____ Source data

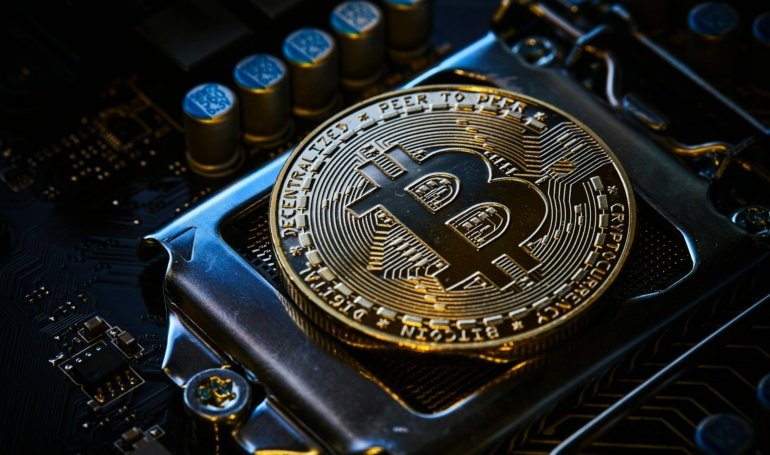 Bitcoin Faces Key Resistance After 10% Rally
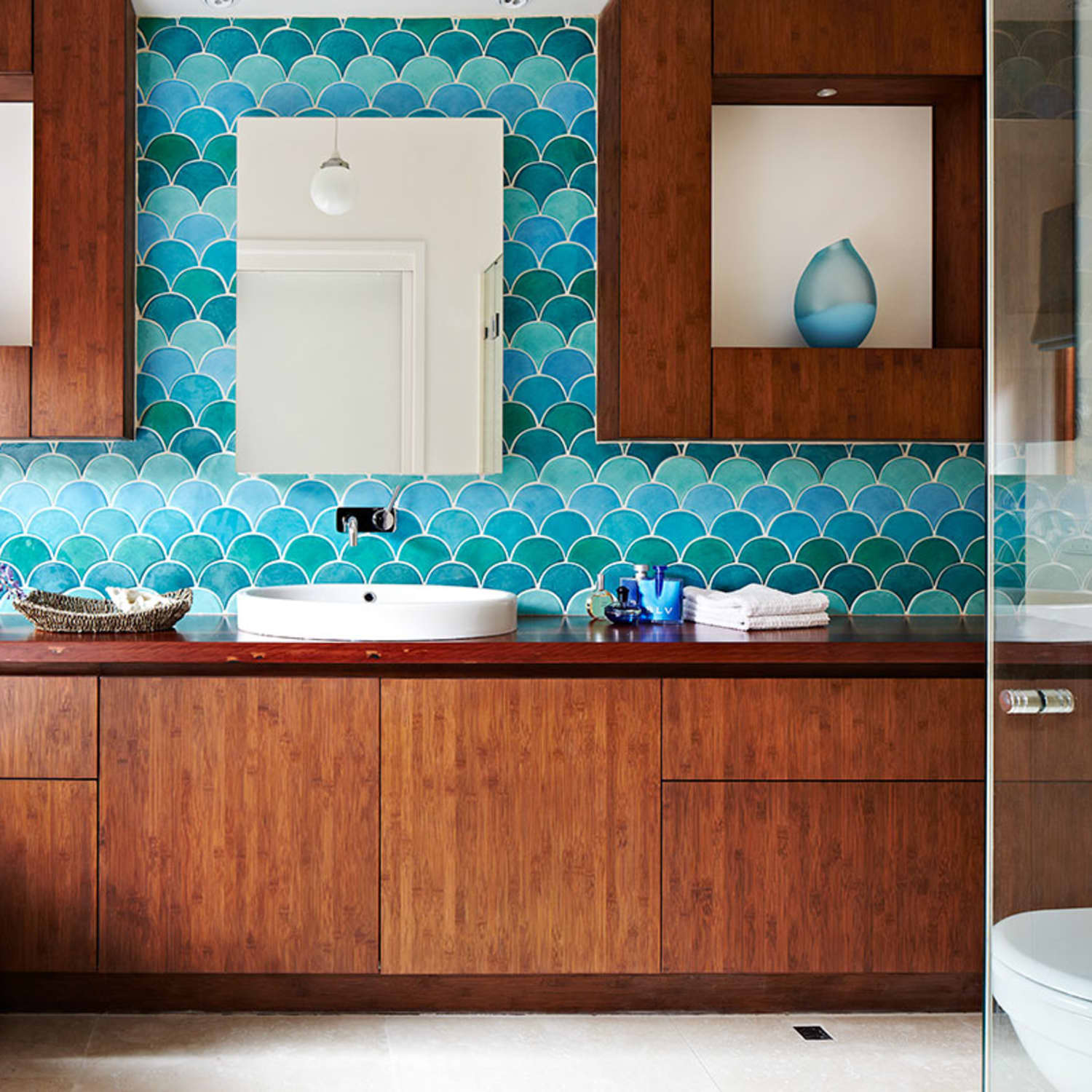 Totally On Trend Fabulous Fish Scale Tiles For The Bath Kitchen Totally On Trend Fabulous Fish Scale Tiles For The Bath Kitchen Apartment Therapy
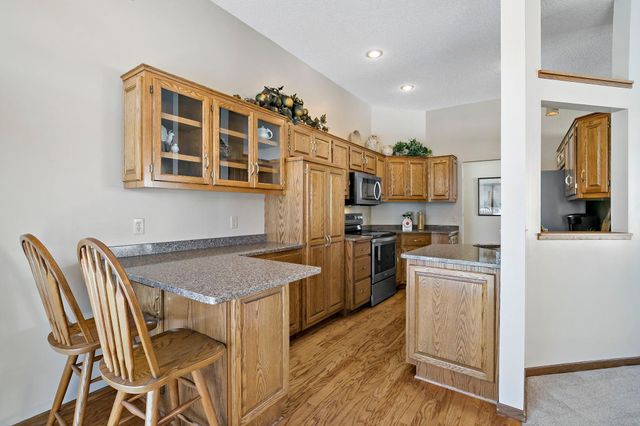 4120 Arbor Lane, Eagan, MN 55122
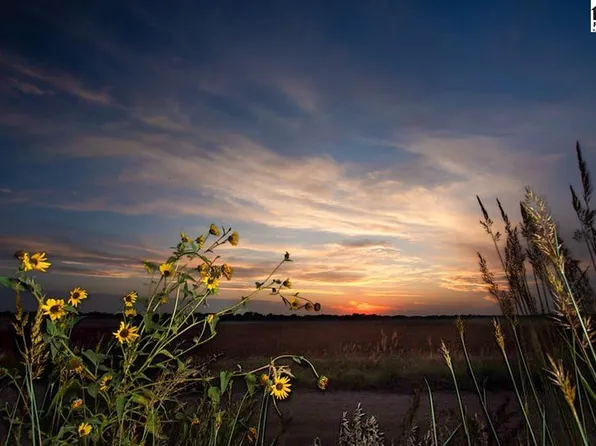 1 Sunset Rd, Great Bend, KS 67530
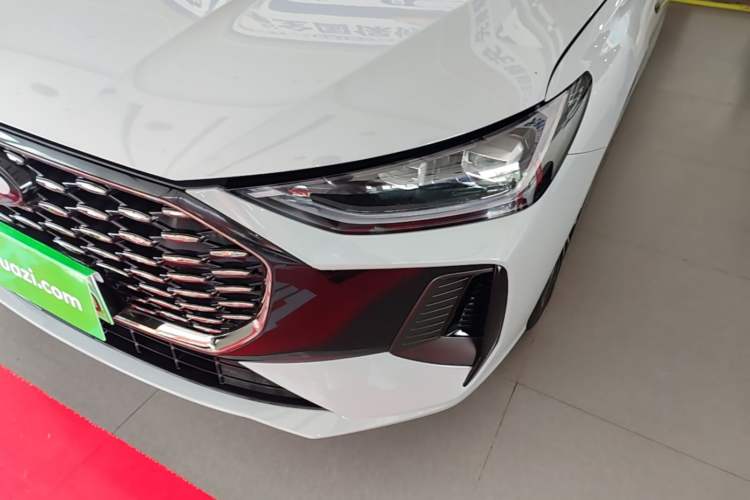 Used Chery Fengyun A8L 2025 1.5 TGDI 145 km Luxury Version Left Front Headlight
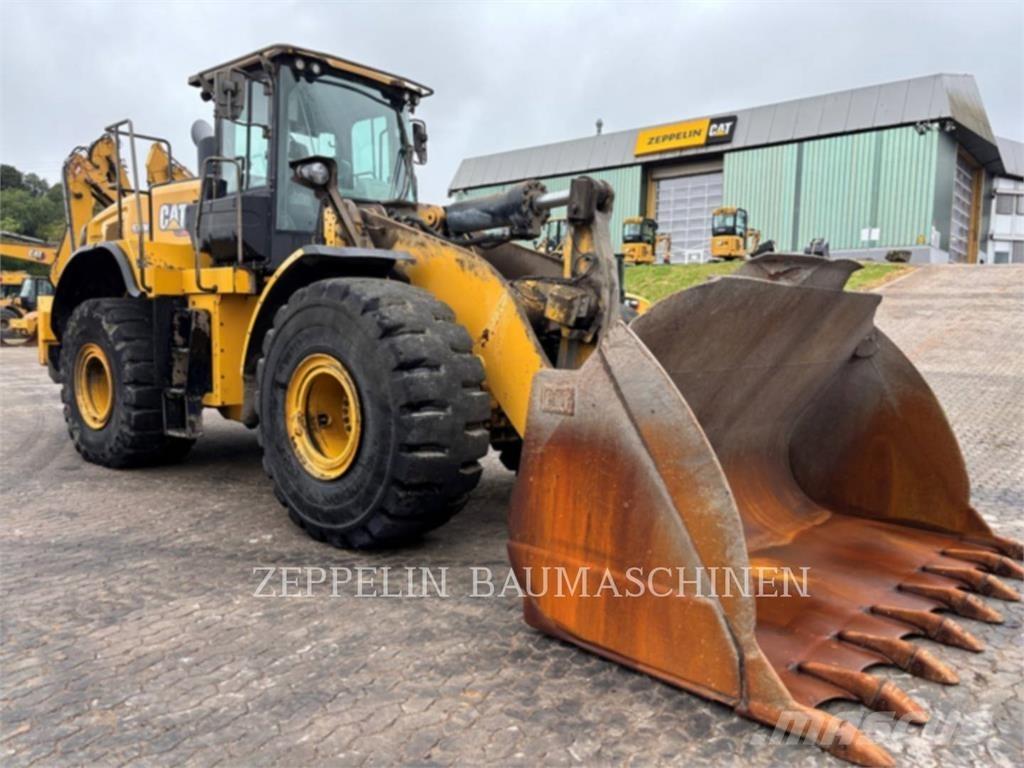 CAT 972M Pyöräkuormaajat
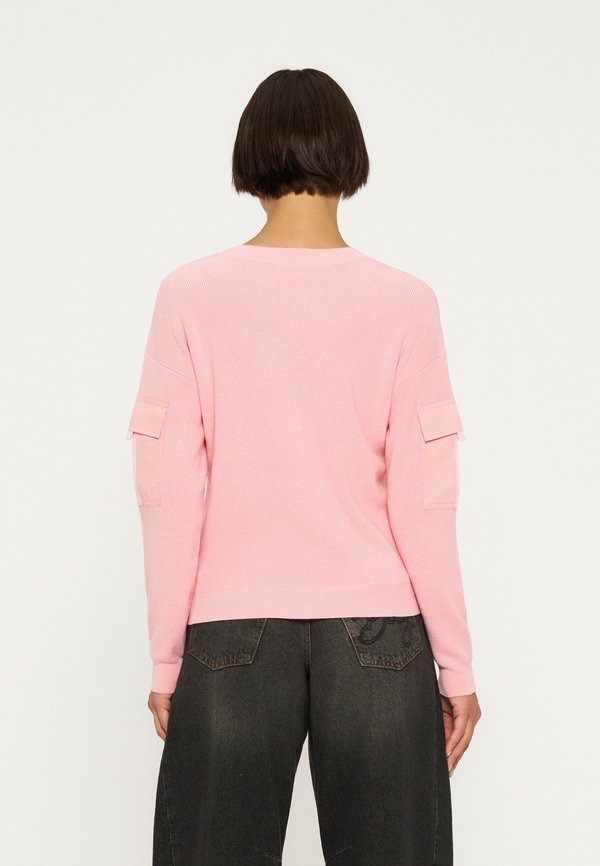 DKNY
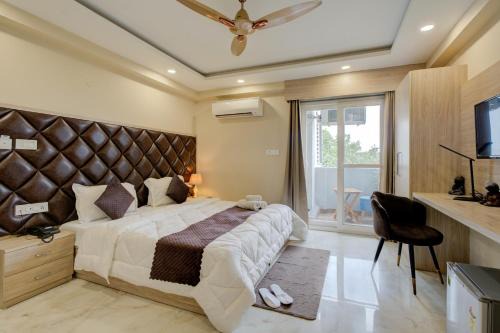 Sector 51 Apartment | The Paras Studio Serviced Apartments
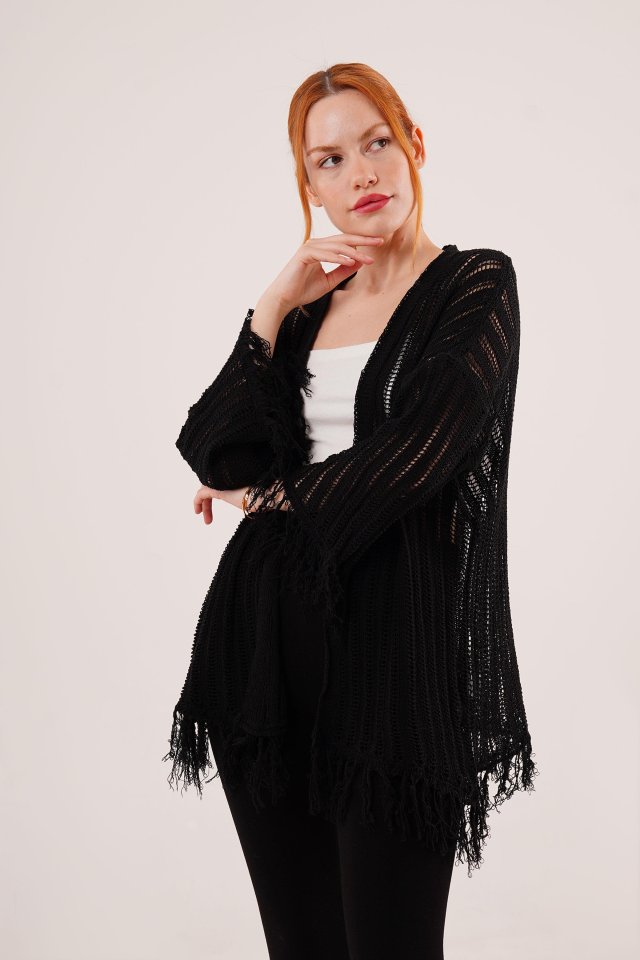 Püskül Detaylı Delikli Model Siyah Hırka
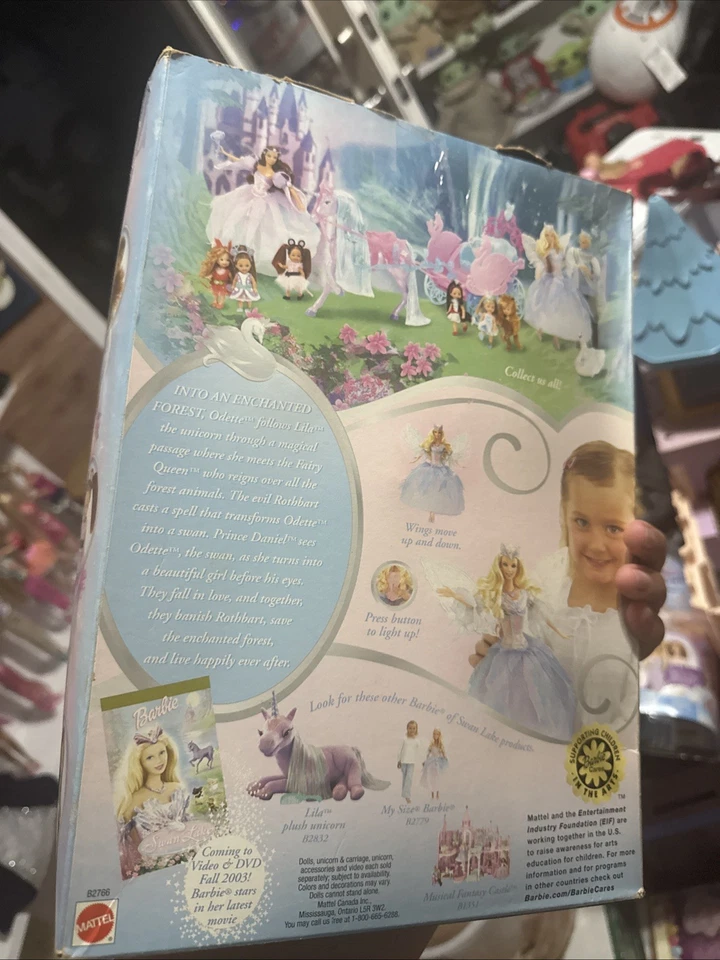 Muñeca Barbie del Lago de los Cisnes Odette Light Up Wings 2003 Mattel B2766 nueva en caja original rara Foto 4 de 4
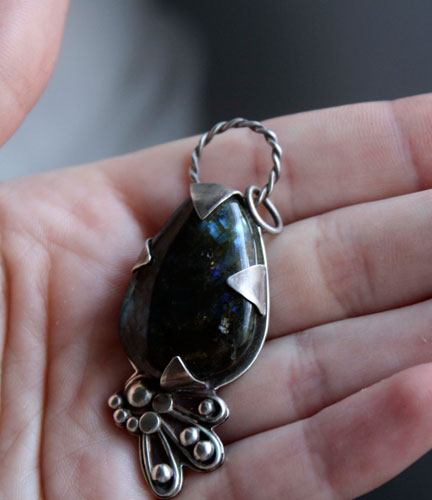 Mora, pendentif paon en argent et labradorite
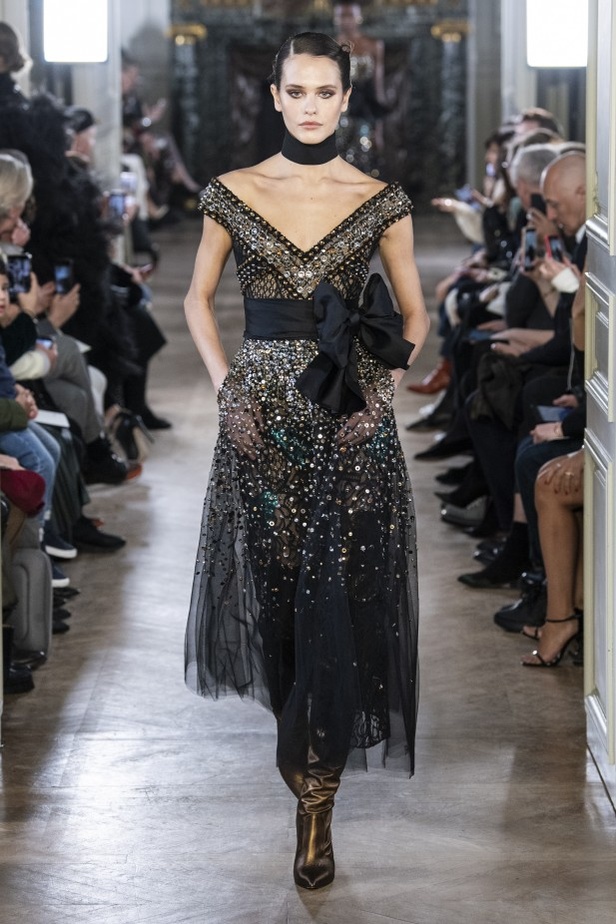 تصاميم كلاسيكية ومتنوعة من Elie Saab لخريف وشتاء 2019 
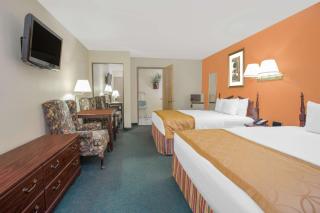 Days Inn & Suites by Wyndham Red Rock-Gallup - Gallup - 5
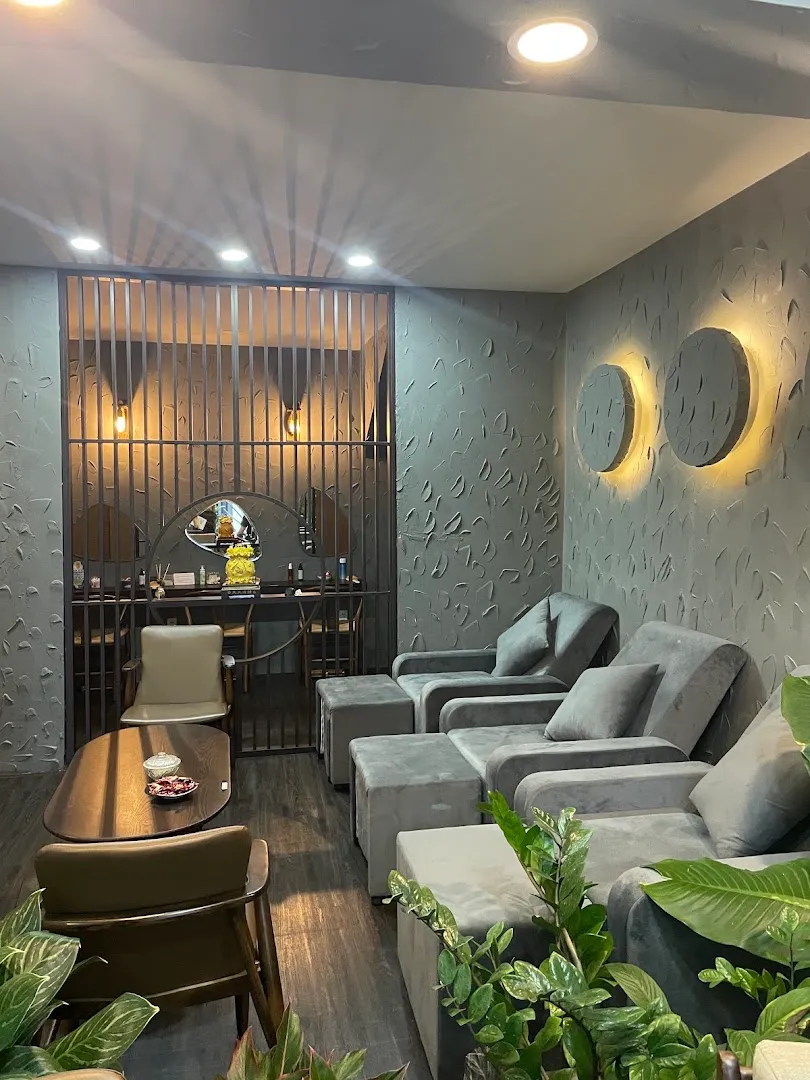 Không gian thư giãn với ghế ngồi bọc nệm, bàn trà và ánh sáng ấm áp.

________

** Work task **
Reproduce every record in full. Leave out the images.

** Answer box **
 Bitcoin Faces Key Resistance After 10% Rally
 Totally On Trend Fabulous Fish Scale Tiles For The Bath Kitchen Totally On Trend Fabulous Fish Scale Tiles For The Bath Kitchen Apartment Therapy
 4120 Arbor Lane, Eagan, MN 55122
 1 Sunset Rd, Great Bend, KS 67530
 Used Chery Fengyun A8L 2025 1.5 TGDI 145 km Luxury Version Left Front Headlight
 CAT 972M Pyöräkuormaajat
 DKNY
 Sector 51 Apartment | The Paras Studio Serviced Apartments
 Püskül Detaylı Delikli Model Siyah Hırka
 Muñeca Barbie del Lago de los Cisnes Odette Light Up Wings 2003 Mattel B2766 nueva en caja original rara Foto 4 de 4
 Mora, pendentif paon en argent et labradorite
 تصاميم كلاسيكية ومتنوعة من Elie Saab لخريف وشتاء 2019 
 Days Inn & Suites by Wyndham Red Rock-Gallup - Gallup - 5
 Không gian thư giãn với ghế ngồi bọc nệm, bàn trà và ánh sáng ấm áp.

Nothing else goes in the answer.